Masyarakat percaya kepada Taat Pribadi mungkin karena 11 Januari 2016 lalu ia mendapat gelar kehormatan Sri Raja Prabu Rajasa Nagara dari Asosiasi Kerajaan dan Kesultanan Indonesia (AKKI). Ketika itu penobatannya dihadiri puluhan tamu agung dari 24 kerajaan atau kesultanan dari berbagai daerah ditambah perwakilan dari Malaysia dan Thailand. Sri Raja Prabu Rajasa Nagara adalah gelar kebangsawanan yang prestisius. Sebelumnya gelar ini dimiliki Raja Majapahit termashur Hayam Wuruk. Ia bergelar Maharaja Sri Rajasa Nagara.
Di luar nalar
Kasus penggandaan uang, jelas merupakan ironi di luar nalar. Sepengetahuan penulis, urusan uang merupakan tugas dan fungsi Bank Indonesia sebagai otoritas satu-satunya di bidang keuangan. Termasuk istilah ‘urusan uang’ adalah mengeluarkan dan mengedarkan uang. Setiap uang resmi Bank Indonesia memiliki ciri khusus seperti ukuran, gambar, tanda air, dan nomor seri. Dari semuanya, yang terpenting tentu saja adalah nomor seri, yang umumnya terdiri atas tiga huruf diikuti enam angka.

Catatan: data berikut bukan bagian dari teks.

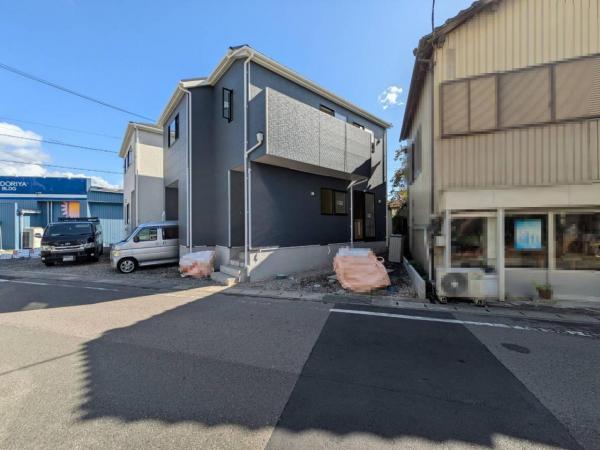 旭天神町　2590 前面道路含む現地写真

Dengan demikian kalau ada penggandaan atau nomor seri ganda, apalagi bukan dikeluarkan oleh Bank Indonesia, jelas merupakan uang palsu. Peringatan tentang pemalsuan uang memang tidak lagi terdapat pada uang-uang kertas yang diedarkan sekitar dua puluh tahun terakhir ini. Namun bukan berarti pemalsuan dilegalkan. Masyarakat dinilai sudah memahami bahwa pemalsuan itu dilarang, terutama dengan Teori 3-D (Dilihat, Diraba, Diterawang).

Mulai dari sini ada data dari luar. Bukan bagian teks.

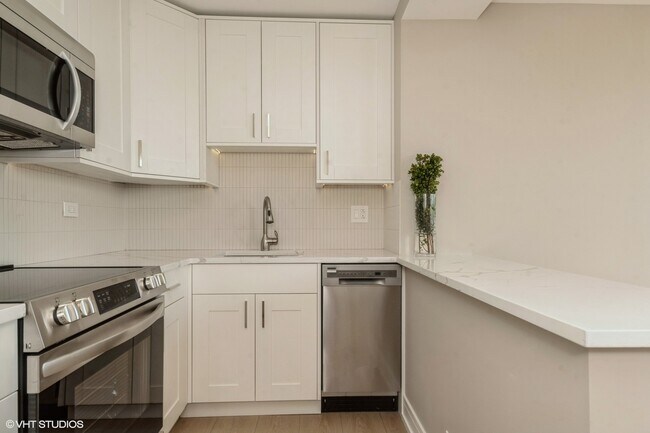 Foto del edificio - 2626 N Lakeview Ave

Sebelum 1970 pada bagian belakang bawah uang kertas tertulis, “Barangsiapa meniru atau memalsukan dan barangsiapa mengeluarkan dengan sengaja atau menyimpan uang kertas tiruan atau uang kertas yang dipalsukan akan dituntut di muka hakim”. Setelah itu kalimatnya berubah menjadi, “Barang siapa meniru, memalsukan uang kertas dan/atau dengan sengaja menyimpan serta mengedarkan uang kertas tiruan atau uang kertas palsu diancam dengan hukuman penjara”.
Terpedaya
Entah mengapa, masyarakat termasuk kaum intelektual pun kadang terpedaya. Melipatgandakan uang dalam waktu singkat, jelas tidak masuk logika atau irrasional. Kecuali tentunya para pesulap beneran yang mampu menjadikan kertas kosong menjadi uang atau terus-menerus mengeluarkan uang dari ‘kantong saktinya’. Ini hanya terjadi di dunia hiburan karena kecepatan tangan sang pesulap. Jadi bukan bermotif ekonomi atau mencari keuntungan pribadi.
Rupa-rupanya trik-trik para pesulap beneran ini diikuti Taat Pribadi. Sebagaimana terlihat dari tayangan YouTube, Taat Pribadi sesekali meraba bagian belakang badannya. Tak lama kemudian, ia mengeluarkan segepok uang pecahan Rp 50 ribu dan Rp 100 ribu serta menghamburkannya ke lantai. Bukan hanya itu, ia pun mengambil perhiasan emas dari badannya dan meletakkannya di lantai. Dari hasil investigasi, ada ‘kantong ajaib’ di balik jubah dan kursi singgasana. Setiap kantong mampu memuat uang sekitar Rp 50 juta. Kantong lain berisi perhiasan emas.